Cetus is offering a $6 million white hat bounty in an effort to recover $220 million worth of stolen digital assets, while the emergency response from the Sui network has raised concerns about decentralization.
The decentralized exchange (DEX) based on Sui, Cetus, was attacked on May 22, resulting in a loss of over $220 million in cryptocurrency. However, Cetus successfully froze $162 million of the stolen funds shortly thereafter.
Cetus then offered the attackers a white hat bounty of up to $6 million in exchange for the return of 20,920 stolen Ethereum (ETH), valued at over $55 million, as well as the remaining frozen stolen funds on the Sui blockchain.
"In exchange, you can keep 2,324 ETH ($6 million) as a bounty, and we will consider this matter closed, without taking further legal, intelligence, or public action," Cetus wrote in a message embedded in a blockchain transaction on May 22.
However, if these assets are transferred or sent to a cryptocurrency mixer and not returned in a timely manner, Cetus will "fully utilize legal and intelligence resources to escalate."

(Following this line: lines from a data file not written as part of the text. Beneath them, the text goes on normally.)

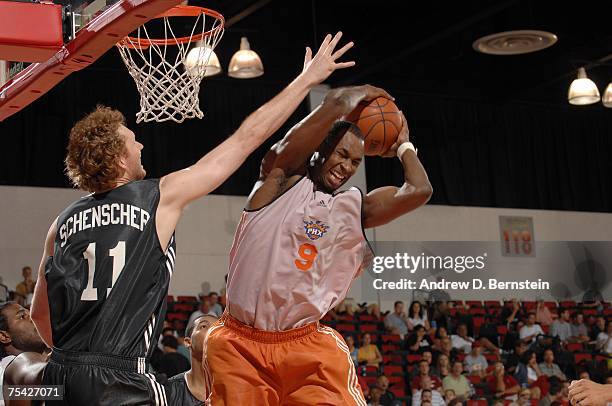 Otis George of the Phoenix Suns grabs a rebound against Luke Schenscher of the Minnesota Timberwolves during the NBA Summer League on July 15, 2007...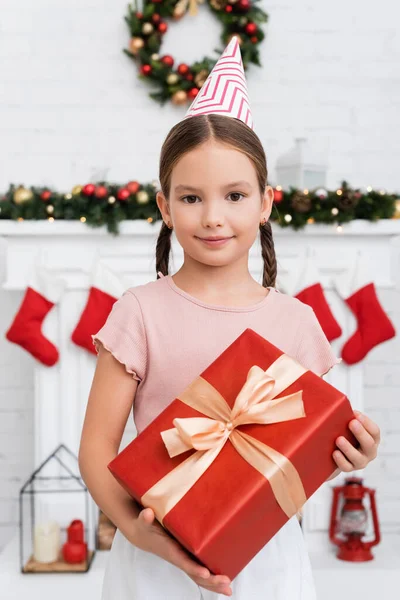 Portrait of kid in party cap holding gift box near blurred christmas decor at home — Stock Photo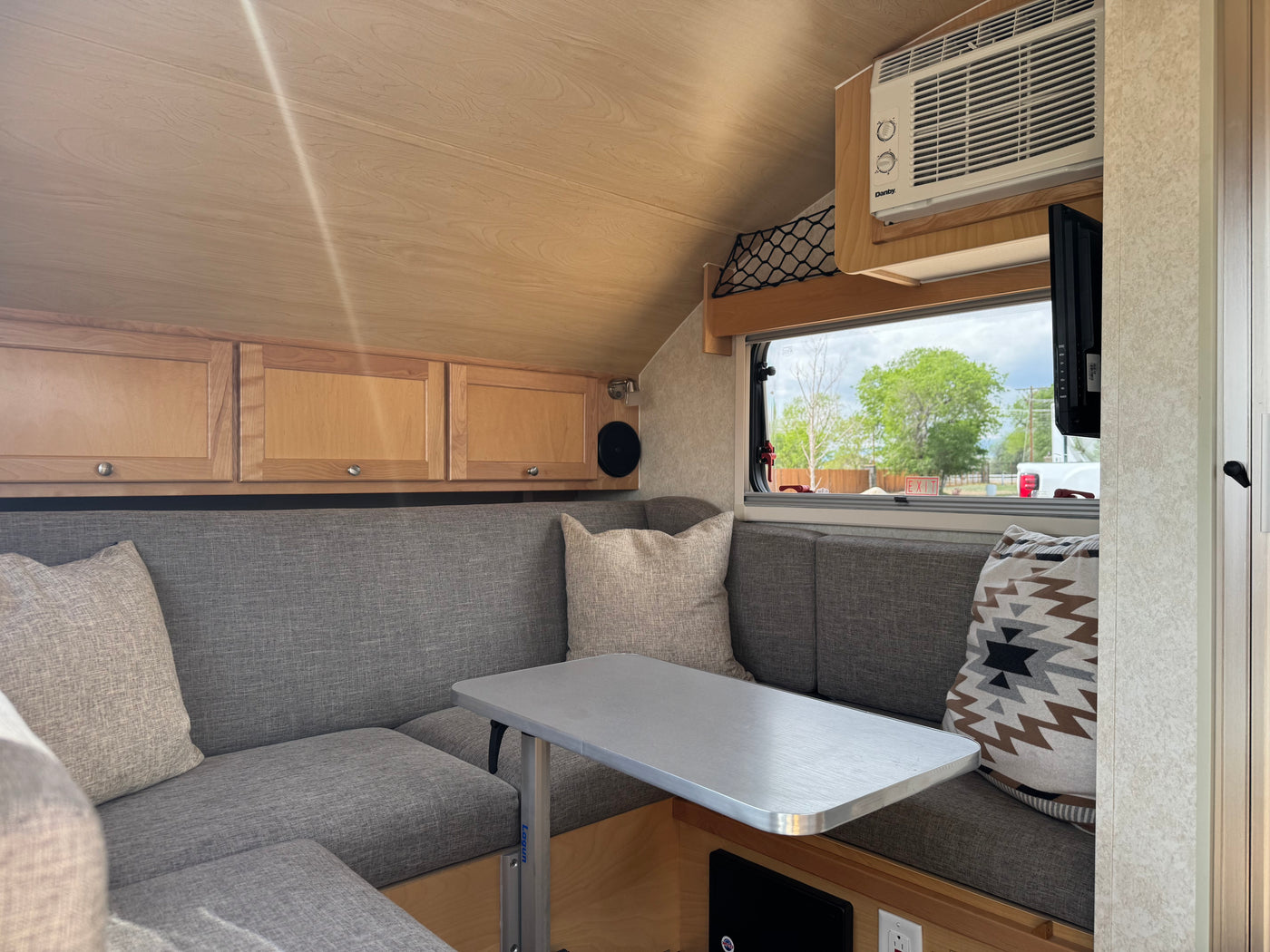 Comfortable RV rental interior featuring a U-shaped dinette, grey seating, wood cabinets, and an overhead AC unit. — photo 10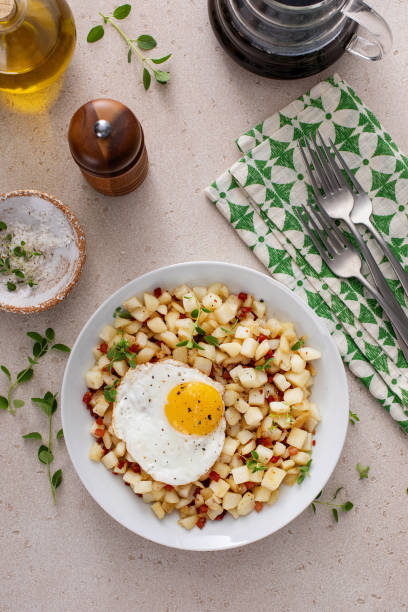 istock Potato hash with pancetta topped with a fried egg 1968520761
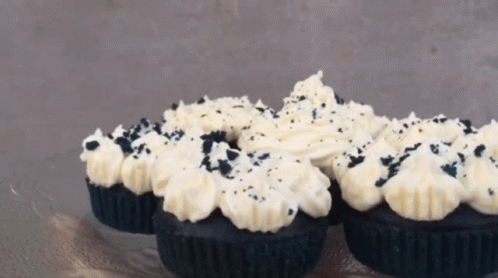 Black Cupcakes With White Frosting And Black Sprinkles On Top GIF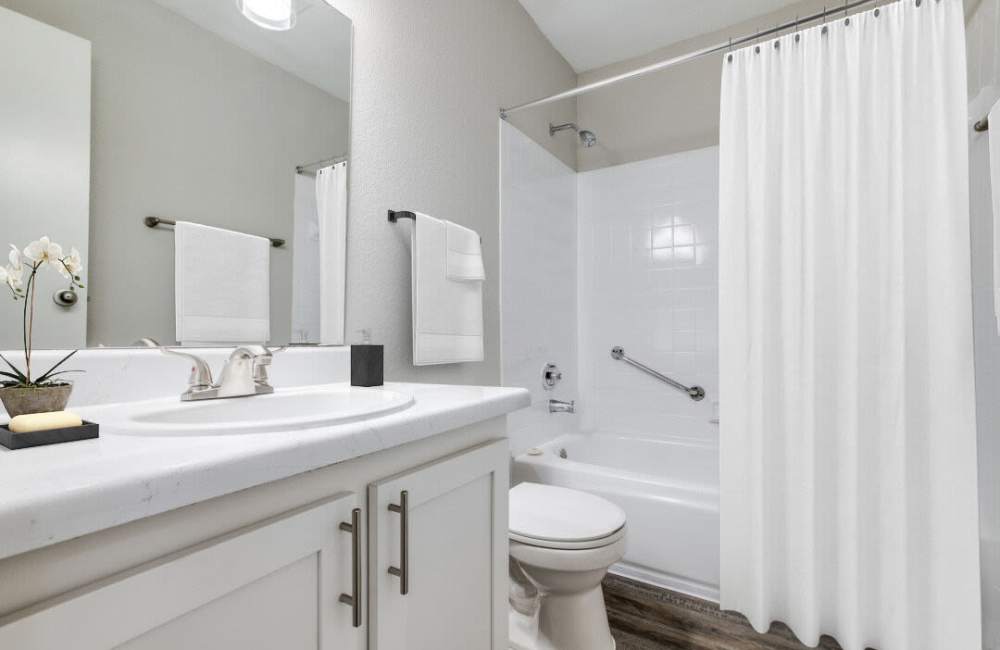 Bright bathroom with shower and tub at Northside Heights in Conroe, Texas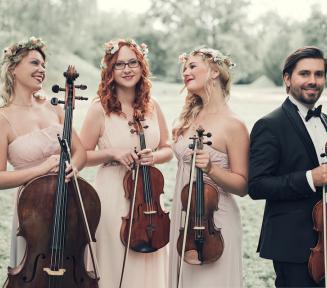 Zdjęcie grupowe kwartetu smyczkowego. Obok siebie stoją trzy kobiety ubrane w jasne sukienki i jeden mężczyzna w garniturze. Każdy w rękach trzyma skrzypce. 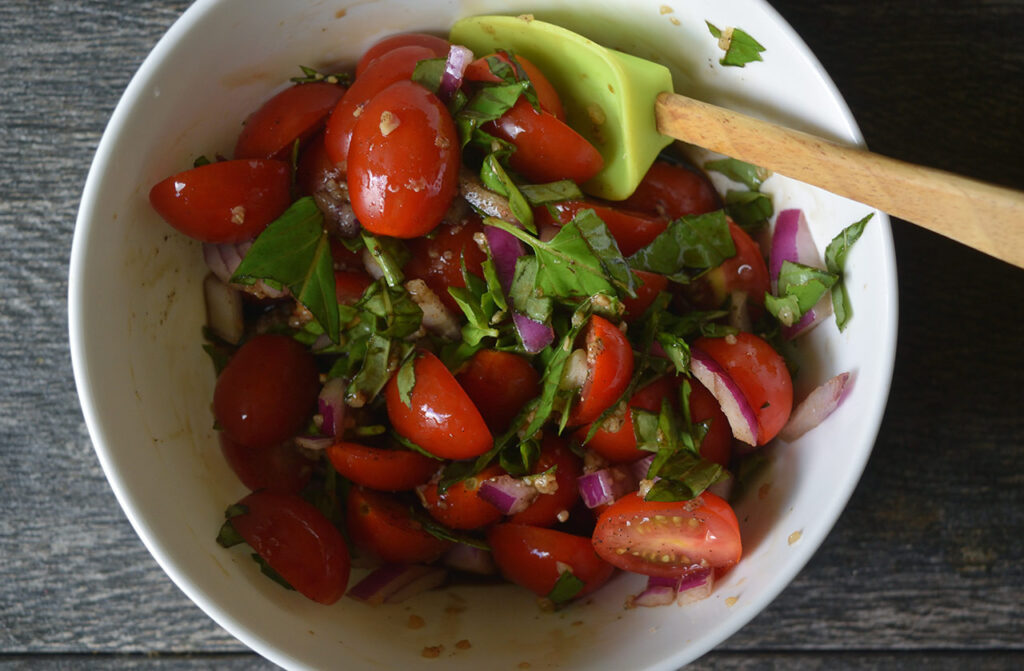 Bruschetta topping mixed in a white bowl.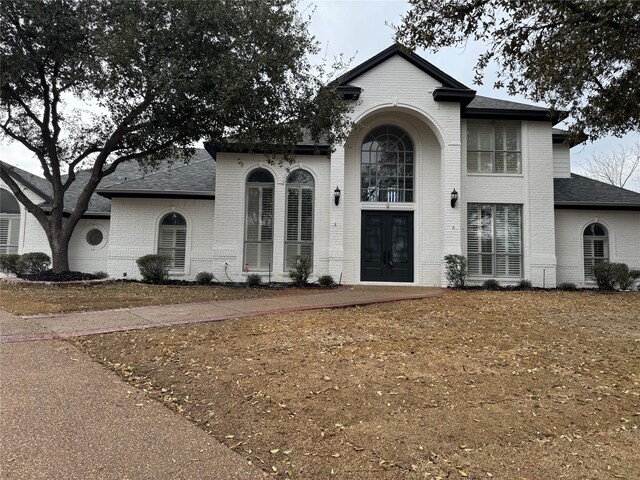 view of front facade with roof with shingles and brick siding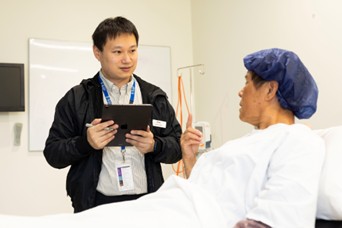 An image of a male interpreter chatting to a patient lying in a hospital bed.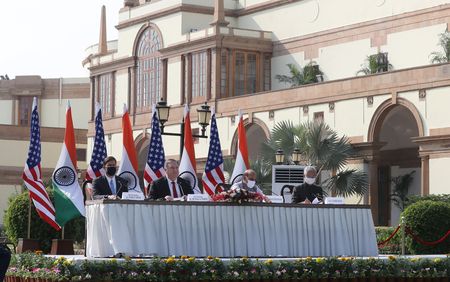 U.S. warns of threat posed by China, signs military pact with India
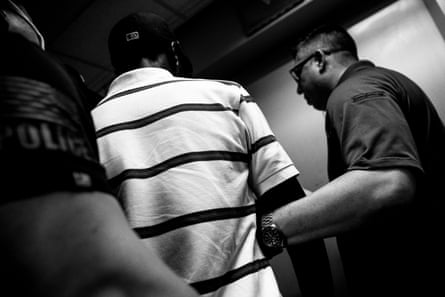 Officers hold a man in a striped shirt by his arms.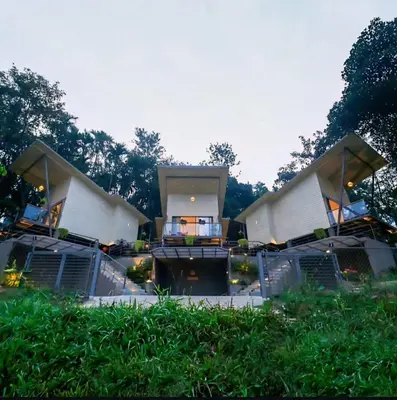 a house with a porch and a yard with grass at LAKE N DAZE by Masika stays in Ambalavayal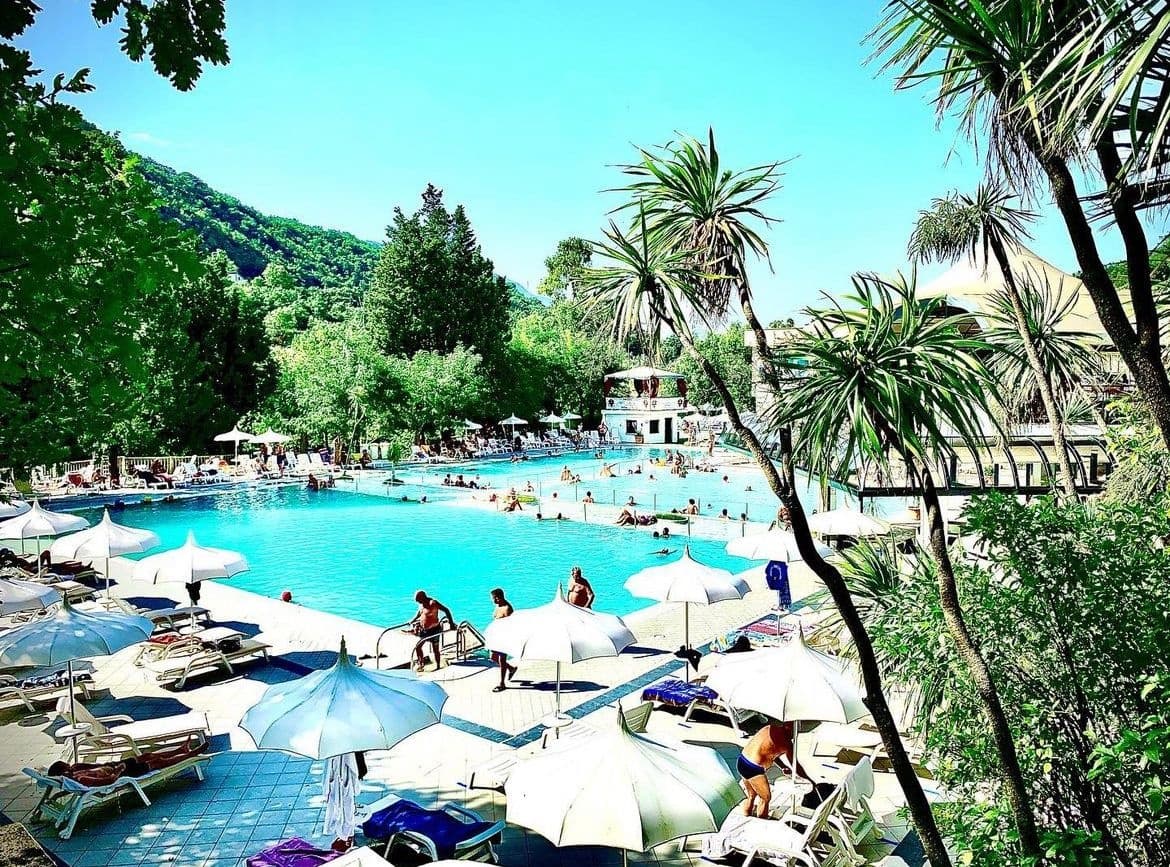 Outdoor thermal resort pool with palm trees and sun umbrellas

The white hat bounty is a reward offered to ethical hackers who seek out protocol vulnerabilities to prevent future attacks.
Cryptocurrency hacking incidents surged to $90 million in April, with 15 incidents occurring, a 124% increase from March when hackers stole $41 million in digital assets.
Meanwhile, the industry is still recovering from the largest cryptocurrency hack, with Bybit exchange losing over $1.4 billion on February 21, 2025.
Additionally, GitHub activity shows that the Sui team has considered implementing an emergency whitelist feature that would allow certain transactions to bypass security checks, possibly to recover funds related to the hack.
"It seems the Sui team is asking each validator to deploy patch code so they can take the $160 million from the Cetus hacker through unsigned transactions," said Chaofan Shou, a software engineer at Solayer Labs.
However, an unnamed Sui engineer told Shou, "Validators are postponing the deployment of this feature; currently, they are only rejecting transactions involving the hacked assets," he stated in a post on X on May 22.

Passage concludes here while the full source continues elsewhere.